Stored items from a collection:
§ §
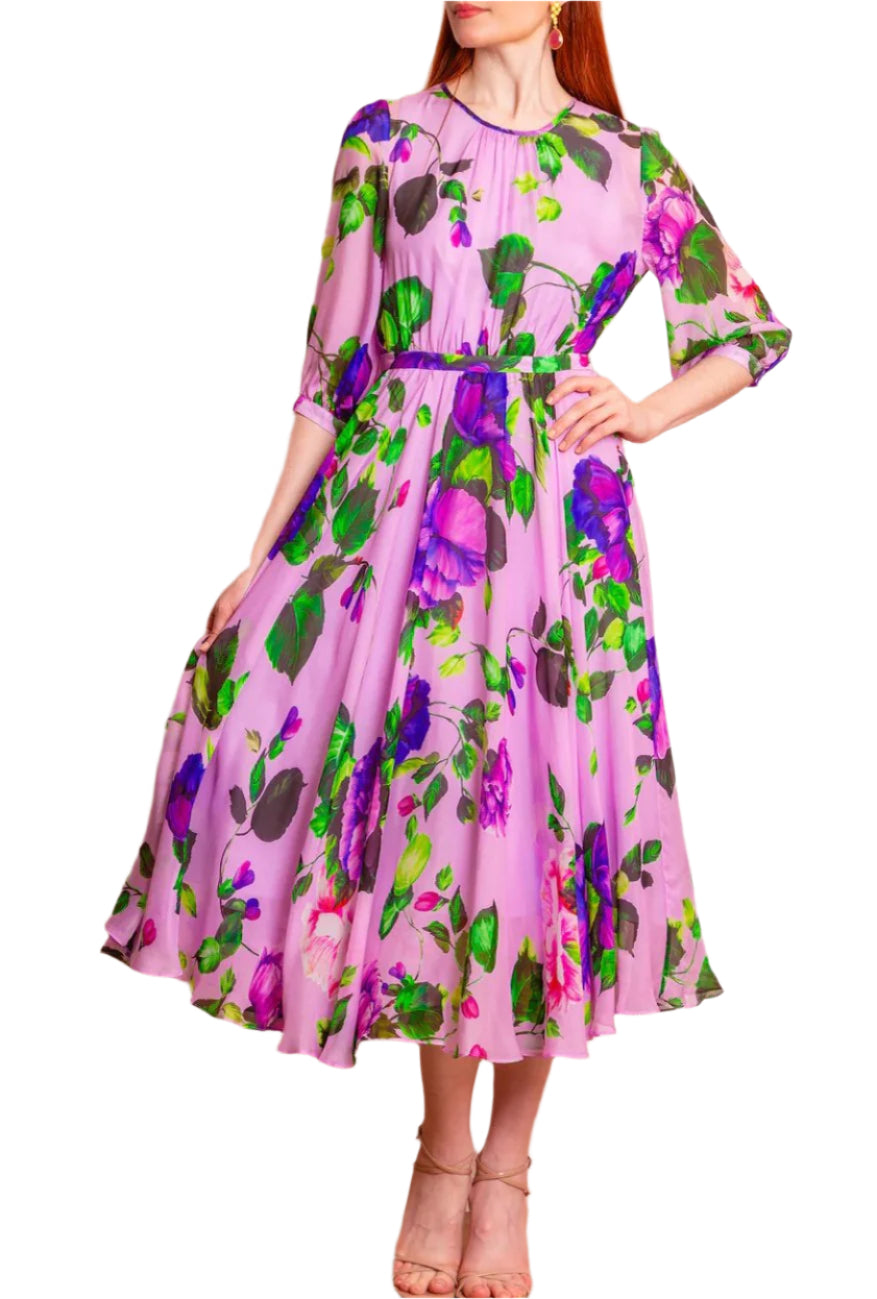 JLC SS24D244 Dress Lilac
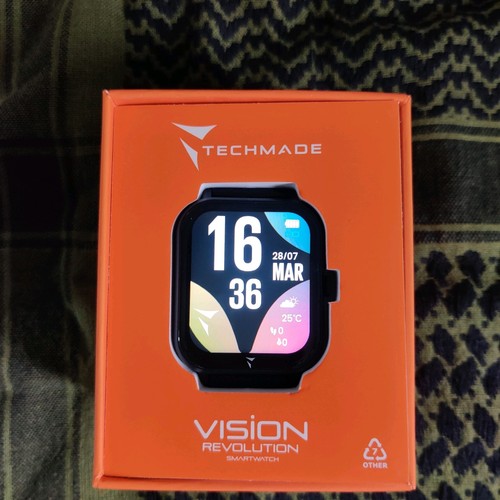Techmade vision smartwatch - techmade,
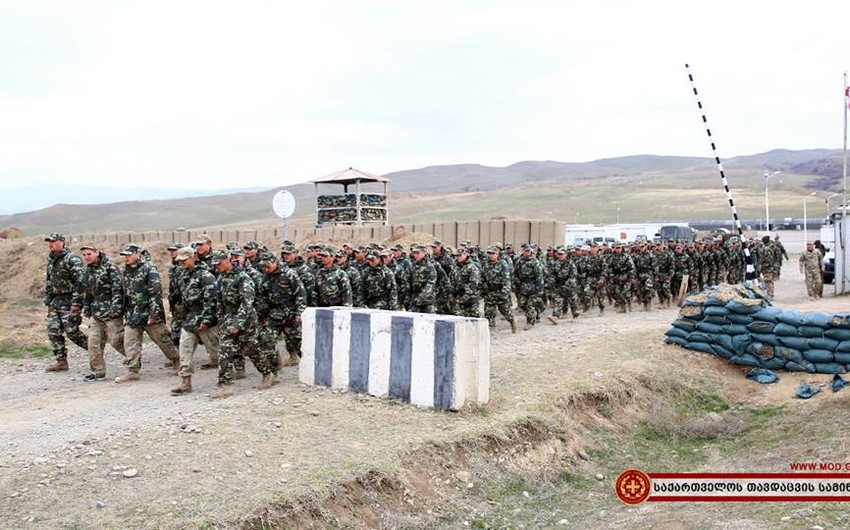 Gürcüstanın Müdafiə Nazirliyi ordu üçün ehtiyat xidmətin yeni konsepsiyasını hazırlayıb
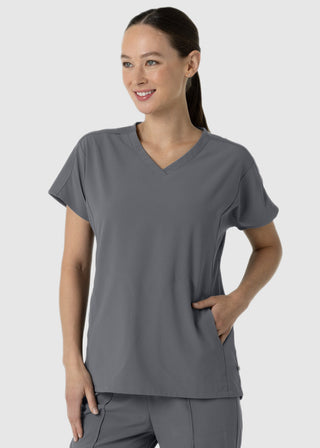 Wink Scrubs Renew Women's V-Neck Tunic Scrub Top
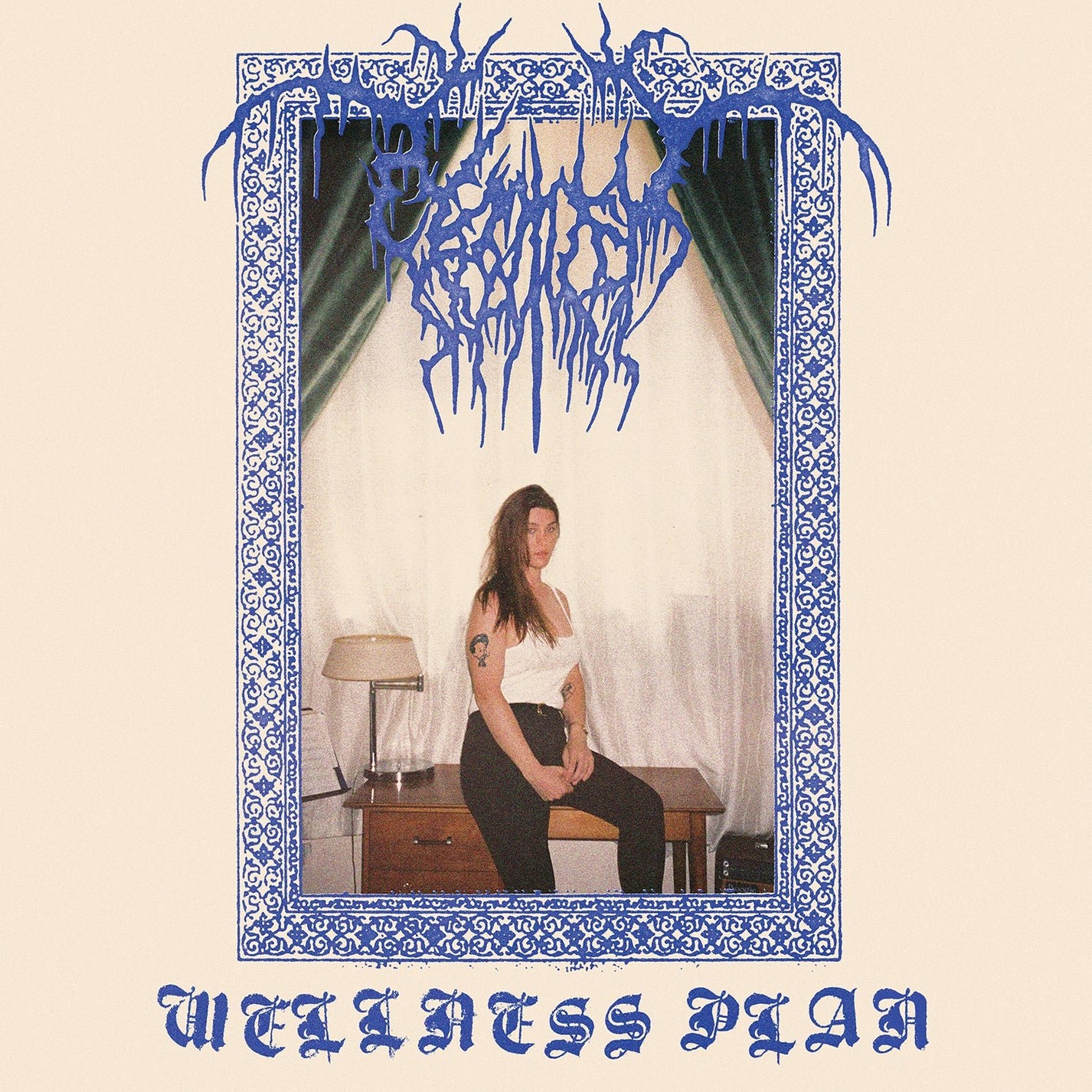 GENITAL SHAME "Wellness Plan" Tape - Evil Greed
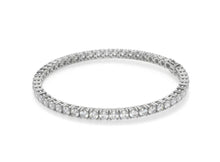 Load image into Gallery viewer, 5ct Diamond Tennis Necklace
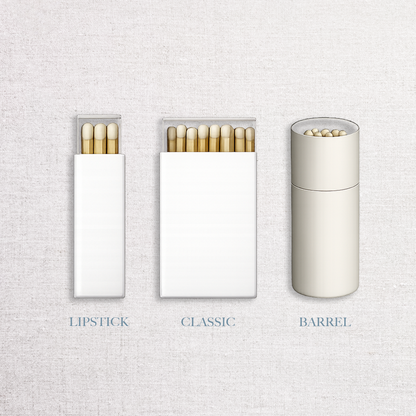 Custom Matchboxes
§ §
§ **Work order**
Only the records, copied exactly and without pictures, should make up the answer.

§ **Response to this exercise**
 JLC SS24D244 Dress Lilac
Techmade vision smartwatch - techmade,
 Gürcüstanın Müdafiə Nazirliyi ordu üçün ehtiyat xidmətin yeni konsepsiyasını hazırlayıb
 Wink Scrubs Renew Women's V-Neck Tunic Scrub Top
 GENITAL SHAME "Wellness Plan" Tape - Evil Greed
 Load image into Gallery viewer, 5ct Diamond Tennis Necklace
 Custom Matchboxes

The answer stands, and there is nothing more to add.